Ancak tartışmanın gelinen aşamasında artık, sorunu kişiler etrafında bir tartışmanın, yani Peker-Ağar ve Peker-Soylu tartışmasının ötesine geçirerek bir sistem tartışması, devlet-mafya, sermaye-mafya ilişkisi, olarak açıklığa kavuşturulması önem kazanmaktadır.

Nitekim bu konuda Susurluk skandalı raporunu yazan dönemin Başbakanlık Teftiş Kurulu Başkanı Kutlu Savaş, Oda TV’ye yaptığı açıklamada, “Susurluk’u bir gruba ve kişiye indirmek hataydı. Basın bunu yaptı. Şimdi de aynı şey yapılıyor. Kişilere takılır orada kalırsınız. Çerçeveye bakmanız lazım. Susurluk soruşturması da bu yüzden bir sonuca ulaştırılamadı” diyor.

Bugün de tartışmalar ağırlıklı olarak Peker-Soylu, Peker-Ağar etrafında bir tartışma olarak sürüyor.

Peker; Soylu, Ağar gibi eski ağabeyleri, dostlarının ihanetini cezalandırarak, kendisine yamuk yapanlara misliyle karşılık vermekten çekinmeyeceğini göstererek kendisinin yaşam alanını genişletmek, rakiplerini alt etmek istiyor.

SİSTEMİ TARTIŞMA MERKEZLİ MÜCADELE

Tartışma, Peker videolarının gündemi belirlemesi üstünden kişilere indirgeniyor ama daha şimdiden mafya sermaye ilişkisi; Yalıkavak Marinasına “Çökülmesi” ve Azeri milyarder İş Adamı Mansimov üstünden bir yanı Aliyev ailesini de kapsayarak iktidarlaşan Azerbaycan oligarklarına uzanmaktadır.
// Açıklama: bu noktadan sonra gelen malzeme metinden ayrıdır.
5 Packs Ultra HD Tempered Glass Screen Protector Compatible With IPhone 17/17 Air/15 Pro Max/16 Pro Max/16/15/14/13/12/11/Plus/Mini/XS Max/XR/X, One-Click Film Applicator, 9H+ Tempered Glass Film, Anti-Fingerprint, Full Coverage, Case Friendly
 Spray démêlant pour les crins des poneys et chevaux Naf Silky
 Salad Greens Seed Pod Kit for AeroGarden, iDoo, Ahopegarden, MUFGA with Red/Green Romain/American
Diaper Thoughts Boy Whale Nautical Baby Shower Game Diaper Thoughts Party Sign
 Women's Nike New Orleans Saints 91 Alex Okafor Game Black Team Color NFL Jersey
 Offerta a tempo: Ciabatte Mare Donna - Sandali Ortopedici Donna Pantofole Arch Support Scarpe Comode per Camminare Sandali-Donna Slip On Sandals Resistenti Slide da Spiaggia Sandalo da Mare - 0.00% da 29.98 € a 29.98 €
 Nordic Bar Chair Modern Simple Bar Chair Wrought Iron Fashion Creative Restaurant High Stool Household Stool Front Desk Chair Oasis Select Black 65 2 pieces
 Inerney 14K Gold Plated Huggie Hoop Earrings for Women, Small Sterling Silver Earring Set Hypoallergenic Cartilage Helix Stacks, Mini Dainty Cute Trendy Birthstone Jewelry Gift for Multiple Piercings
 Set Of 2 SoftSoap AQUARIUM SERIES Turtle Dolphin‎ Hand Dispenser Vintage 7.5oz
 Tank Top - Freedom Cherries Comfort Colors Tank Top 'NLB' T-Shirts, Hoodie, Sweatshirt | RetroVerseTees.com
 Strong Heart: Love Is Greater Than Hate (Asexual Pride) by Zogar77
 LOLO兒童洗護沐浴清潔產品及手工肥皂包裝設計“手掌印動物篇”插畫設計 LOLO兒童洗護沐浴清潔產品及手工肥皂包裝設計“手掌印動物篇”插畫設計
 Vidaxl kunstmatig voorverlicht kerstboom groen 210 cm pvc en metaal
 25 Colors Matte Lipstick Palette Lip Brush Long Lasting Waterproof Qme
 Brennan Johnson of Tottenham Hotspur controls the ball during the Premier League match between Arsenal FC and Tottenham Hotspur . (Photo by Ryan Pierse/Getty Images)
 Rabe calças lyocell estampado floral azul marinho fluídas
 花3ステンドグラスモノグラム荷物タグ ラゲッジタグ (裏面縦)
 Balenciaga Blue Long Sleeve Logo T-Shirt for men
Öteki yanıyla da Mansimov, Türkiye’deki iktidara yakın sermaye çevreleriyle de bağlanan, vergi cenneti ada devletlerindeki onlarca firmaya bağlanmaktadır.

Bu ilişkiler kapsamında bakıldığında mafya artık, her kapitalist ülkede olduğu gibi, “sistemin uru” olmayı geçerek, sistemin vazgeçilmezi haline gelen mafya ile sermayenin sırlarının belirsizleştiği, özellikle de yandaş sermaye birikiminin ve iç ve dış siyaseti motive etmenin bir biçimi olarak da kendisini ortaya koymaktadır.

Bu yüzden Peker-Soylu-Ağar etrafında ortaya çıkan organize suç örgütleri etrafındaki tartışmayı elbette gözden kaçırmadan ama asıl dikkat noktasını mafya düzeninin sistemle simbiyoz (birbirini besleyen) ilişki içindeki vazgeçilmezi haline getiren ilişkilerin gösterilmesine çekmek hem mafya hem de sermayeye karşı mücadele açısından önem taşıyacaktır.

Susanların sadece susarak değil konuşarak da tartışmaya katıldıklarında bunu daha da açık göreceğiz.